* **WHAT YOU SHOULD DO**:
Write out the listing below exactly, beginning at its first line and ending with the line that contains "Pere, WI 54115".

*** Begin section ***

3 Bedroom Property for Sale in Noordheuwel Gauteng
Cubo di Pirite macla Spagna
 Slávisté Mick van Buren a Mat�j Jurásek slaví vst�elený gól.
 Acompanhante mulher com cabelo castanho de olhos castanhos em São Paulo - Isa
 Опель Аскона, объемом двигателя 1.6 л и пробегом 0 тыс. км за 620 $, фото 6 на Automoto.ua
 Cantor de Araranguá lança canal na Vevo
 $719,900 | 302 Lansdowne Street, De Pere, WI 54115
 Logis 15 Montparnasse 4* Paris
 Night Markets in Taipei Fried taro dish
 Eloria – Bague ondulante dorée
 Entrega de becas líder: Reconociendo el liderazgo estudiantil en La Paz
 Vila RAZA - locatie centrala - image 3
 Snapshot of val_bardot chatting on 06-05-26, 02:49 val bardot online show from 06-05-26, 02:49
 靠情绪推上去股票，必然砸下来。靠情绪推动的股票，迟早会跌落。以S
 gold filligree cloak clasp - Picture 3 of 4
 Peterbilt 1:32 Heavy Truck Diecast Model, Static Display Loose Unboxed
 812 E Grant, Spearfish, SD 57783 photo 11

*** End section ***

* **COMPLETED EXERCISE**:
3 Bedroom Property for Sale in Noordheuwel Gauteng
Cubo di Pirite macla Spagna
 Slávisté Mick van Buren a Mat�j Jurásek slaví vst�elený gól.
 Acompanhante mulher com cabelo castanho de olhos castanhos em São Paulo - Isa
 Опель Аскона, объемом двигателя 1.6 л и пробегом 0 тыс. км за 620 $, фото 6 на Automoto.ua
 Cantor de Araranguá lança canal na Vevo
 $719,900 | 302 Lansdowne Street, De Pere, WI 54115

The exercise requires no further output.